Re: [PATCH RFC 1/4] sched/deadline: Implement reclaim/soft mode through SCHED_OTHER demotion

From: Peter Zijlstra

Date: Fri Feb 20 2026 - 14:47:29 EST

On Thu, Feb 19, 2026 at 02:37:34PM +0100, Juri Lelli wrote:
> Add support for demoting deadline tasks to SCHED_OTHER when they exhaust
> their runtime. This prevents starvation of lower priority tasks while still
> allowing deadline tasks to utilize available CPU bandwidth.
>
> This feature resurrects and refines the bandwidth reclaiming concept
> from the original SCHED_DEADLINE development (circa 2010), focusing on a
> single demotion mode: SCHED_OTHER.

Yeah, that's good enough for most I suppose.
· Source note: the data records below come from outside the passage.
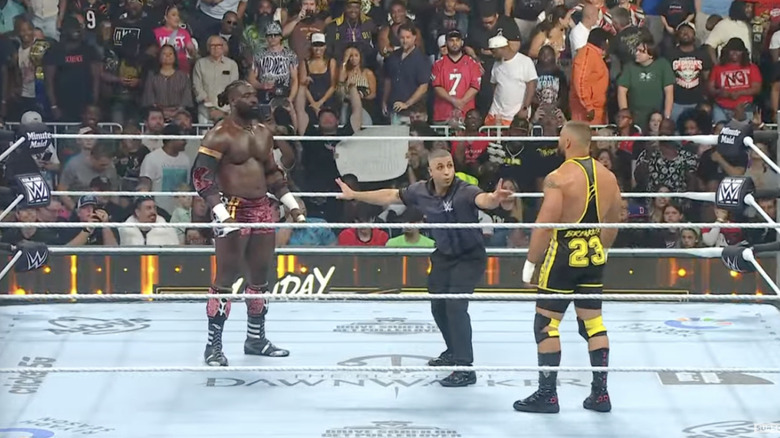 Corbin and Breakker staring down one another in the ring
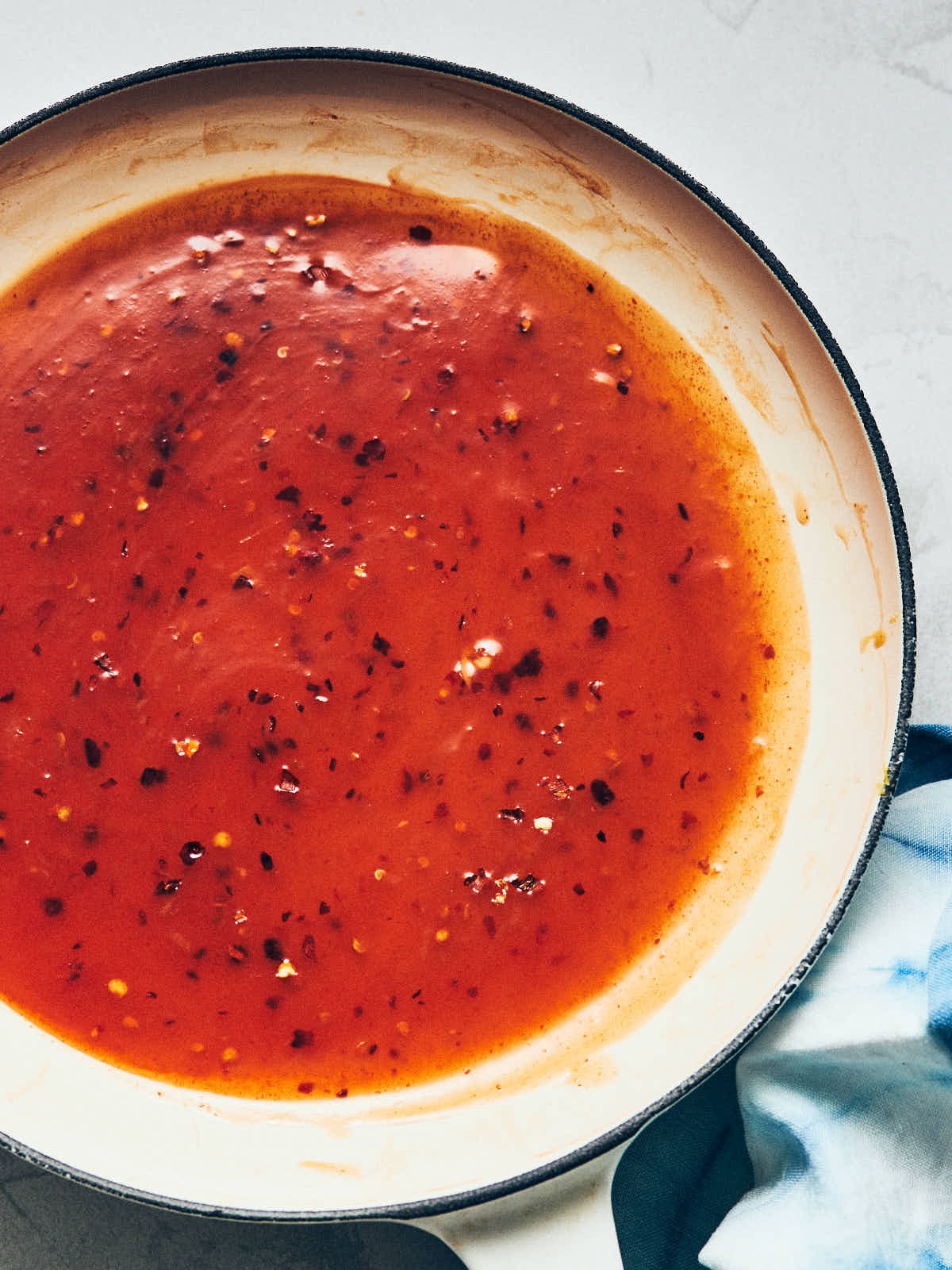 Sweet chili sauce in a white saucepan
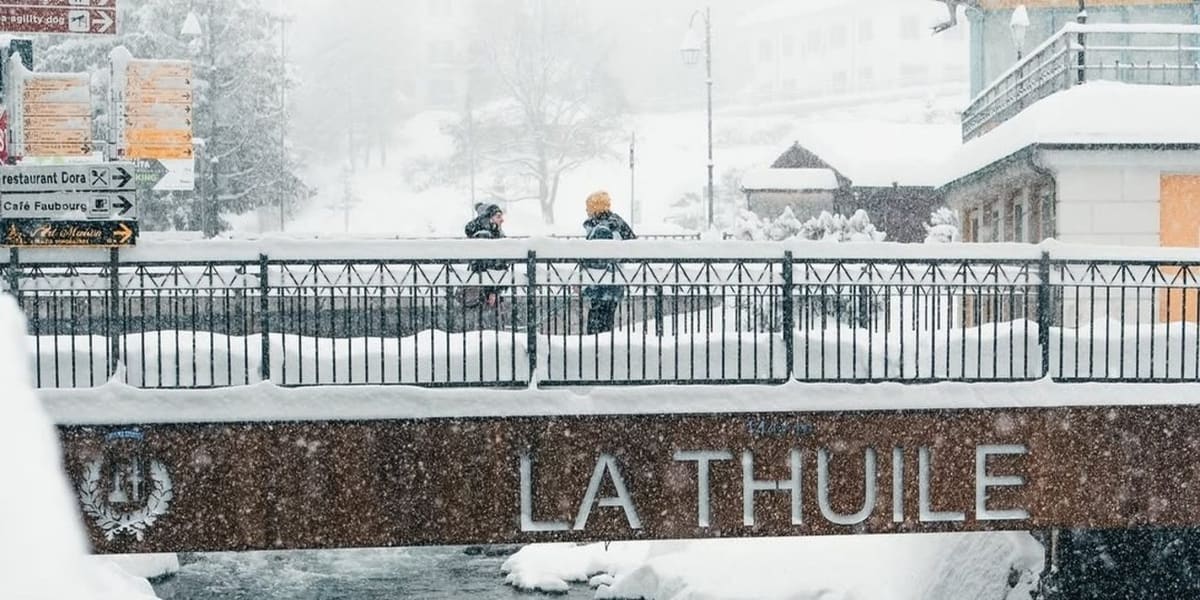 il ponte all'ingresso del paese con la scritta La Thuile in pietra, sotto la nevicata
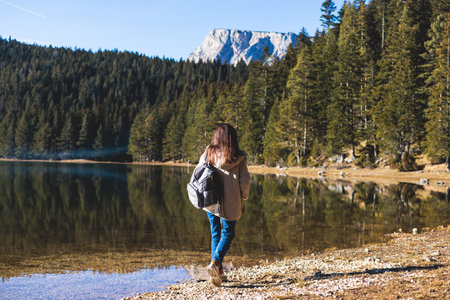 Beautiful view of Black lake, Crno Jezero in Durmitor National Park, Zabljak, northern Montenegro, with a female tourist, landscape in sunny day with blue sky, forest hiking trail and mountainsの写真素材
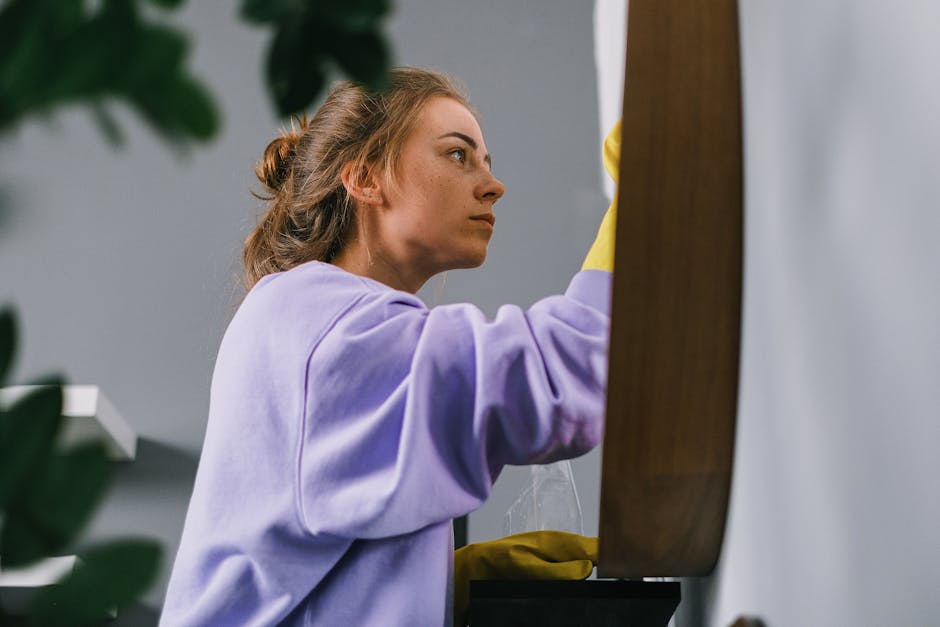 A close-up view of a person wearing bright blue rubber gloves performing surface cleaning on a white table or countertop, using a white cloth and a spray bottle with a green and white label. The scene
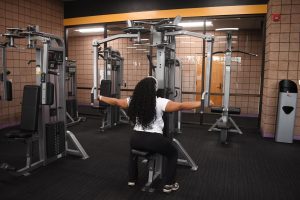 A woman sits on a chest fly machine inside a gym while holding the handles at shoulder height during a workout.
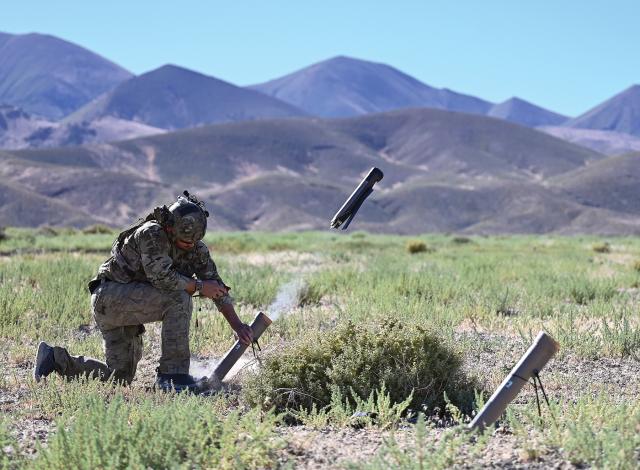 A Marine launches a Switchblade loitering munition during an exercise. With a range of approximately 15 miles, the Switchblade has been highly effective against Russian ground forces in the war in Ukraine. Drones of this size, range, and payload will be less decisive in naval combat inside the first island chain. 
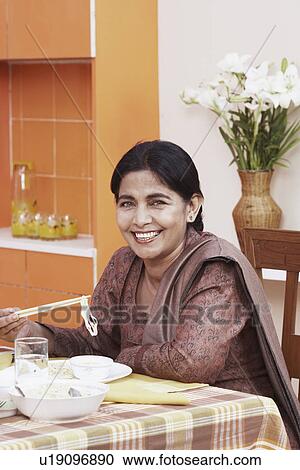 Stock Image - Portrait of a mature woman eating noodles with chopsticks. Fotosearch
Demotion to FIFO/RR is
'weird' anyway.

> @@ -1419,6 +1444,84 @@ s64 dl_scaled_delta_exec(struct rq *rq, struct sched_dl_entity *dl_se, s64 delta
> return scaled_delta_exec;
> }
>
> +/*
> + * Check if a deadline task can be demoted when it exhausts its runtime.
> + * dl-servers and boosted tasks cannot be demoted.
> + *
> + * Returns true if demotion should happen, false otherwise.
> + */
> +static inline bool dl_task_can_demote(struct sched_dl_entity *dl_se)
> +{
> + if (dl_server(dl_se))
> + return false;
> +
> + if (is_dl_boosted(dl_se))
> + return false;
> +
> + return !!(dl_se->flags & SCHED_FLAG_DL_DEMOTION);

It is already implicitly cast to bool by virtue of the return value, no
need for that explicit !!.

> +}
> +
> +/*
> + * Promote a demoted task back to SCHED_DEADLINE.
> + * The task's runtime will be replenished by the caller.
> + */
> +static void dl_task_promote(struct rq *rq, struct task_struct *p)
> +{
> + struct sched_dl_entity *dl_se = &p->dl;
> + int queue_flags = DEQUEUE_MOVE | DEQUEUE_NOCLOCK | DEQUEUE_CLASS;
> +
> + lockdep_assert_rq_held(rq);
> +
> + if (dl_se->dl_demotion_state != DL_DEMOTED)
> + return;
> +
> + dl_se->dl_demotion_state = DL_PROMOTING;
> +
> + scoped_guard (sched_change, p, queue_flags) {
> + p->policy = SCHED_DEADLINE;
> + p->sched_class = &dl_sched_class;
> + p->prio = MAX_DL_PRIO - 1;
> + p->normal_prio = p->prio;
> + }
> +
> + dl_se->dl_demotion_state = DL_NOT_DEMOTED;
> +
> + __balance_callbacks(rq, NULL);
> +}
> +
> +/*
> + * Demote a deadline task to SCHED_OTHER when it exhausts its runtime.
> + * The task will be promoted back to SCHED_DEADLINE at replenish.
> + */
> +static void dl_task_demote(struct rq *rq, struct task_struct *p)
> +{
> + struct sched_dl_entity *dl_se = &p->dl;
> + int queue_flags = DEQUEUE_MOVE | DEQUEUE_NOCLOCK | DEQUEUE_CLASS;
> +
> + lockdep_assert_rq_held(rq);
> +
> + if (dl_se->dl_demotion_state != DL_NOT_DEMOTED || !dl_task_can_demote(dl_se))
> + return;
> +
> + dl_se->dl_demotion_state = DL_DEMOTING;
> +
> + scoped_guard (sched_change, p, queue_flags) {
> + /*
> + * The task's static_prio is already set from the sched_nice
> + * value in sched_attr.
> + */
> + p->policy = SCHED_NORMAL;
> + p->sched_class = &fair_sched_class;
> + p->prio = p->static_prio;
> + p->normal_prio = p->static_prio;
> + }
> +
> + dl_se->dl_demotion_state = DL_DEMOTED;
> +
> + __balance_callbacks(rq, NULL);
> + resched_curr(rq);

Doesn't sched_change already force resched on class degradation?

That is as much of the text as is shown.